Jemmy se trouvait alors dans un district qu’il connaissait bien : aussi guida-t-il les bateaux jusqu’à une charmante petite anse fort tranquille, environnée d’îlots que les indigènes désignent tous par des noms différents. Nous y trouvâmes une famille appartenant à la tribu de Jemmy, mais non pas ses parents ; nous eûmes bientôt lié avec eux des relations d’amitié et, le soir, on envoya un canot avertir les frères et la mère de Jemmy de son arrivée. Quelques acres de bonne terre en pente, qui n’était pas recouverte, comme partout ailleurs, par de la tourbe ou par la forêt, entouraient cette anse. Le capitaine Fitz-Roy avait d’abord l’intention, comme je l’ai dit, de reconduire York Minster et Fuégia jusque dans leur tribu sur la côte occidentale ; mais ils exprimèrent le désir de rester ici, et l’endroit étant singulièrement favorable, le capitaine se décida à y établir tous nos Fuégiens, y compris Matthews le missionnaire. On passa cinq jours à leur construire trois grands wigwams, à débarquer leur bagage, à labourer deux jardins et à les ensemencer.

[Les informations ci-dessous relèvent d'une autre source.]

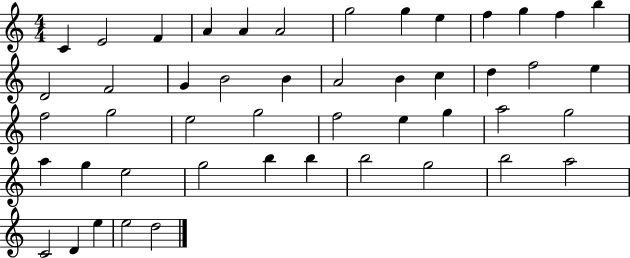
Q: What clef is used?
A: treble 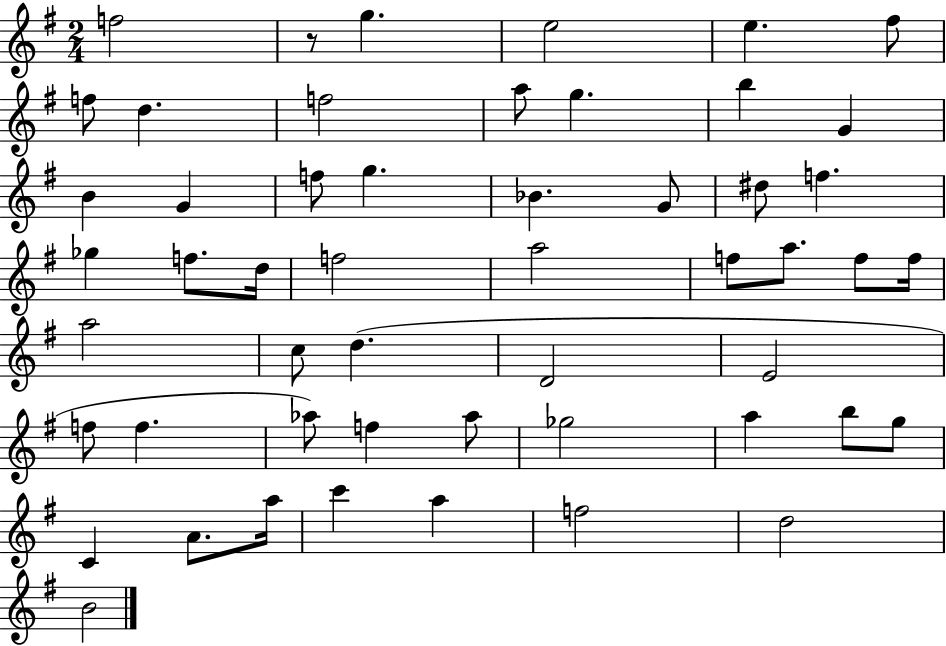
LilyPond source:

{
  \clef treble
  \numericTimeSignature
  \time 2/4
  \key g \major
  \repeat volta 2 { f''2 | r8 g''4. | e''2 | e''4. fis''8 | \break f''8 d''4. | f''2 | a''8 g''4. | b''4 g'4 | \break b'4 g'4 | f''8 g''4. | bes'4. g'8 | dis''8 f''4. | \break ges''4 f''8. d''16 | f''2 | a''2 | f''8 a''8. f''8 f''16 | \break a''2 | c''8 d''4.( | d'2 | e'2 | \break f''8 f''4. | aes''8) f''4 aes''8 | ges''2 | a''4 b''8 g''8 | \break c'4 a'8. a''16 | c'''4 a''4 | f''2 | d''2 | \break b'2 | } \bar "|."
} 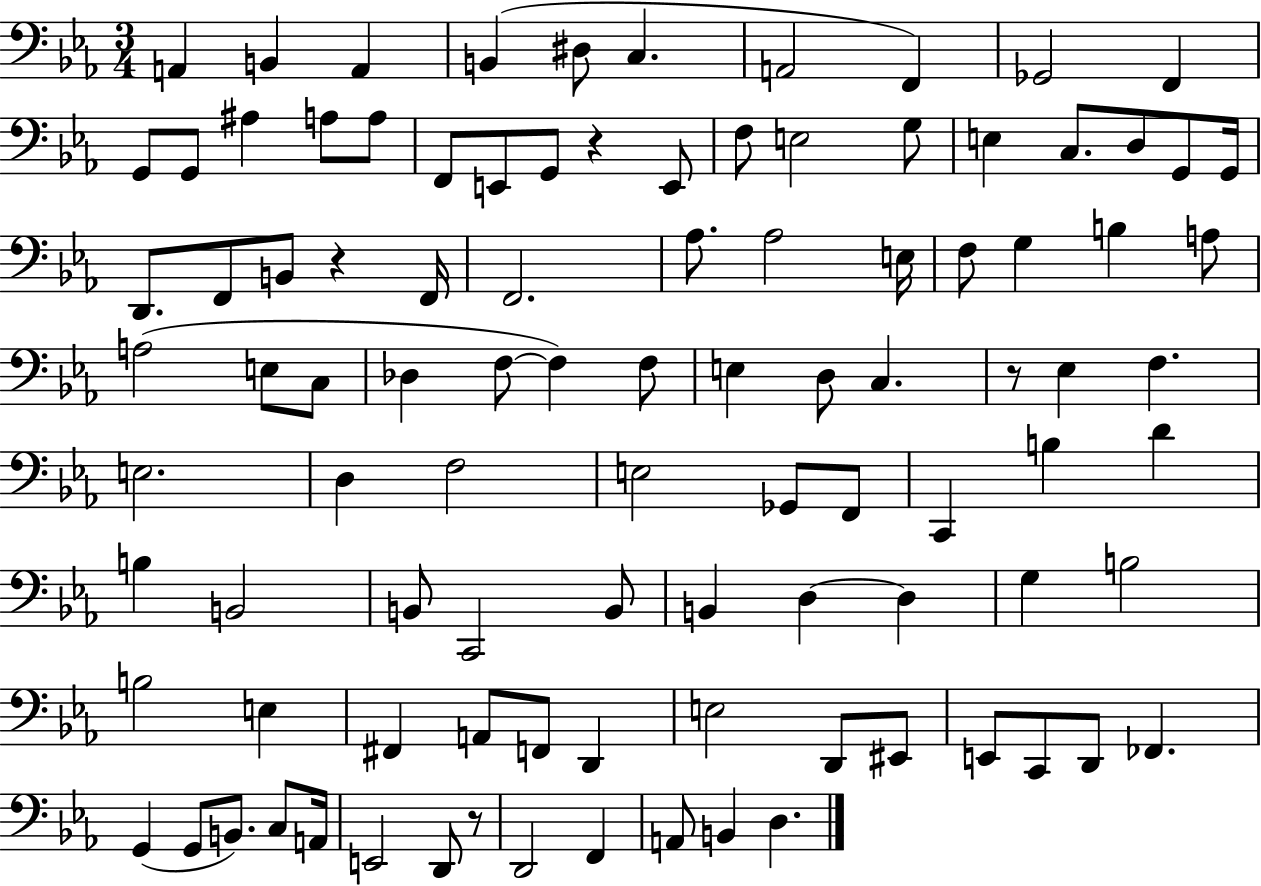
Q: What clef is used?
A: bass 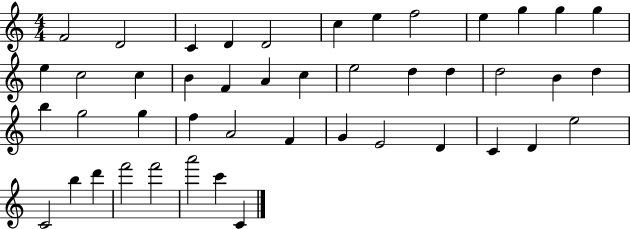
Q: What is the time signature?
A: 4/4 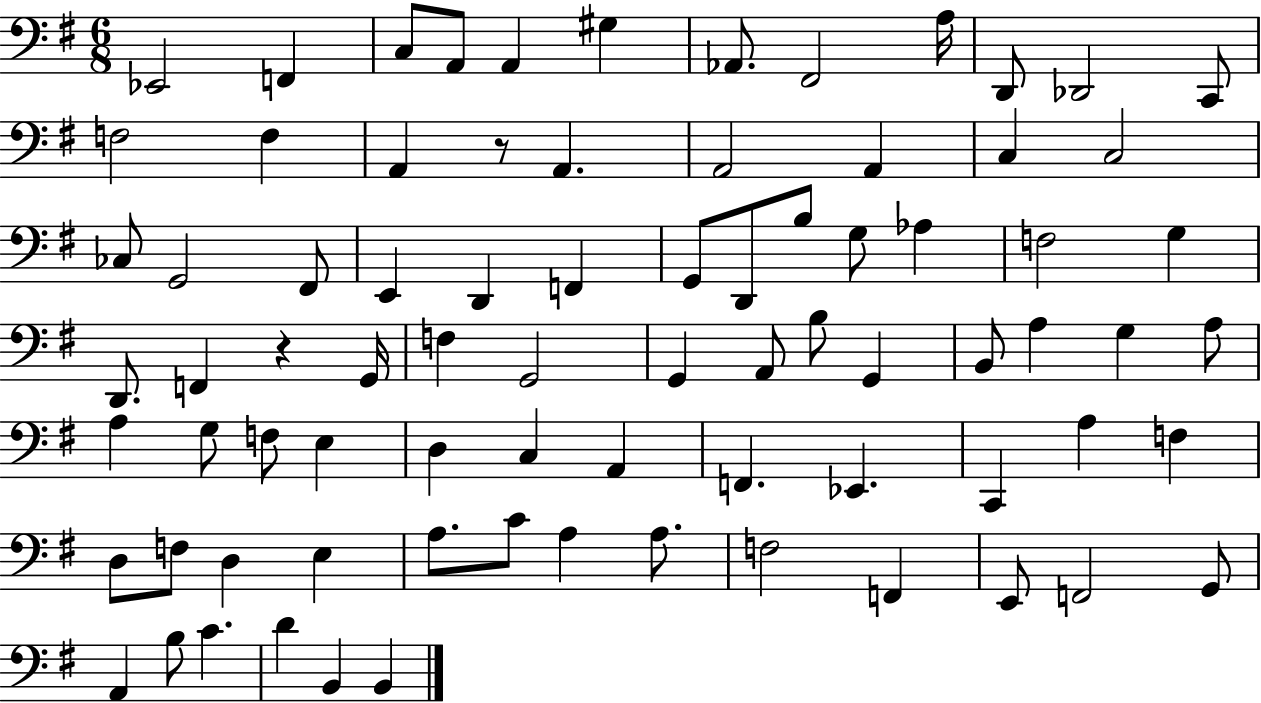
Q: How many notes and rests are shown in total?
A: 79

  1. La substance employée pour cette peinture blanche est, quand elle est sèche, assez compacte, et a une faible gravité spécifique. Le professeur Ehrenberg l’a examinée ; il trouve (Kön. Acad. der Wissensch., Berlin, fév. 1845) qu’elle est composée d’infusoires, soit quatorze polygastrica et quatre phytolitharia. Il ajoute que ces infusoires habitent tous l’eau douce. C’est là un magnifique exemple des résultats que l’on peut obtenir au moyen des recherches microscopiques du professeur Ehrenberg, car Jemmy Button m’a affirmé que l’on recueillait toujours ce blanc dans le lit des torrents des montagnes. C’est, en outre, un fait frappant relativement à la distribution des infusoires, que toutes les espèces composant cette substance apportée de l’extrême pointe méridionale de la Terre de Feu appartiennent à des formes anciennes et connues.